Soul Dust: The Magic of Consciousness
Why Everyone (Else) Is a Hypocrite: Evolution and The Modular Mind
The Recursive Mind: The Origins of Human Language, Thought, and Civilization
Identity Economics: How Our Identities Shape Our work, Wages, and Well-Being
Blind Spots: Why We Fail to Do What's Right and What to Do About It
Beyond the Brain: How Body and Environment Shape Animal and Human Minds
Braintrust: What Neuroscience Tells Us About Morality
The Brain and the Meaning of Life
The last, by Paul Thagard, had no subtitle but the ad offers this comment on its content from Michael Shermer in Science.
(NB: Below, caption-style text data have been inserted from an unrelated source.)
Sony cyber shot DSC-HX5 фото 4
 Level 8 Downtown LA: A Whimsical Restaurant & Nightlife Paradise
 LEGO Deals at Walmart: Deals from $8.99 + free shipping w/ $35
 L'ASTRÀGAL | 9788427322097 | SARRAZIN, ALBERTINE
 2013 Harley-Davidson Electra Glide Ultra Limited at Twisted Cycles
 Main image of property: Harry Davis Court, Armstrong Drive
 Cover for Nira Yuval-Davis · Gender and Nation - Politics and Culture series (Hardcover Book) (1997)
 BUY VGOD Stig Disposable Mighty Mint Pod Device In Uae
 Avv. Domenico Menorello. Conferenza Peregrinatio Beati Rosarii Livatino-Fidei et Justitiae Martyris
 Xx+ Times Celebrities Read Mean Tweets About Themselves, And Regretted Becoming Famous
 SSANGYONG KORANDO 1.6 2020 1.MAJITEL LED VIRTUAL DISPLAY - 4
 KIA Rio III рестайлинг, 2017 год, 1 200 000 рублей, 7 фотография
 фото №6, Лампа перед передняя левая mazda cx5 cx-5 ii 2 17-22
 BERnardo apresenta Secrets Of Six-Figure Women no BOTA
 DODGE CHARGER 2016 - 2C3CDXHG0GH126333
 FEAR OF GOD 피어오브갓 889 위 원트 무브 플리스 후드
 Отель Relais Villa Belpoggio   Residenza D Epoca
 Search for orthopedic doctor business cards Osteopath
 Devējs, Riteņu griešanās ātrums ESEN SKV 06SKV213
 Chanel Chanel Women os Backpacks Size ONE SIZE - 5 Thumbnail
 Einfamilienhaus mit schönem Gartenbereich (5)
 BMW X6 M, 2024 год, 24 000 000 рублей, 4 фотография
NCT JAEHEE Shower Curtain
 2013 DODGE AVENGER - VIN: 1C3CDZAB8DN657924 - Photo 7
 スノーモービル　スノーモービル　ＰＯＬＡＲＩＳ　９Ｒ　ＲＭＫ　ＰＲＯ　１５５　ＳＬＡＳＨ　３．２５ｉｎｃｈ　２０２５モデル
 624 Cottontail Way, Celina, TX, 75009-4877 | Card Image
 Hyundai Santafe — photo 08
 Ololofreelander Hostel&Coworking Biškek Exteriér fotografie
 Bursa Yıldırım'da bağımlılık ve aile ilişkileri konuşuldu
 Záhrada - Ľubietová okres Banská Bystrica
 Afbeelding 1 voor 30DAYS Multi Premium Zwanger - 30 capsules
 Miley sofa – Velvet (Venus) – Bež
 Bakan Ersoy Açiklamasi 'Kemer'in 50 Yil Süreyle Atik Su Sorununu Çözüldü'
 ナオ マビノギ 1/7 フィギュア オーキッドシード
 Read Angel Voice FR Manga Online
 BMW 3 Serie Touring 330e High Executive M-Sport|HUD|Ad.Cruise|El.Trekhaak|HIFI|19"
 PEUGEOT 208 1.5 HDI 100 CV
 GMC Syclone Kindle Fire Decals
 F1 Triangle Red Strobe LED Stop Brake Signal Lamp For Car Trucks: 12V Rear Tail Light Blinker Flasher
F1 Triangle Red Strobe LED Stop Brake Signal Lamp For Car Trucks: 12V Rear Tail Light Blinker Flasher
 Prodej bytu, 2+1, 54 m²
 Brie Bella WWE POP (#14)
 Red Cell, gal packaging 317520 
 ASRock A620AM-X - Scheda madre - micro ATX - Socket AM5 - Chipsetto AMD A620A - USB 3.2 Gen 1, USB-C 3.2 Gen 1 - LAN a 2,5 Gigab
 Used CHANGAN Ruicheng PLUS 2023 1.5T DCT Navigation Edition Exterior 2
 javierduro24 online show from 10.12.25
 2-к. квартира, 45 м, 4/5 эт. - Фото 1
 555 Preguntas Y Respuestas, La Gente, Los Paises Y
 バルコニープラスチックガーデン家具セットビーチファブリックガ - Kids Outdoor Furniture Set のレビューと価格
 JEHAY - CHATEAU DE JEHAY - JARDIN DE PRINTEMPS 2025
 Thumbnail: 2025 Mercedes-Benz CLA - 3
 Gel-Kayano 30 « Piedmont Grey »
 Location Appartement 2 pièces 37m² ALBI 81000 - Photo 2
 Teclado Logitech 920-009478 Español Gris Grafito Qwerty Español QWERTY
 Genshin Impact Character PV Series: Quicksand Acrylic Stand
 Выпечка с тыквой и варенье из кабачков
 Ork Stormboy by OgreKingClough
"[Thagard]offers a tightly reasoned, often humorous, and original contribution to the emerging practice of applying science to areas heretofore the province of philosophers, theologians, ethicists, and politicians. What is reality and how can we know it? Are mind and brain one or two? What is the source of the sense of self? What is love? What is the difference between right and wrong, and how can we know it? What is the most legitimate form of government? What is the meaning of life, and how can we find happiness in it? Thagard employs the latest tools and findings of science in his attempts to answer these and additional questions,"
Before you invest I suggest you try to answer a few of these questions for yourself, as the heading of the ad seems to suggest.
Sounds pretty poppy; books on the brain sell well now.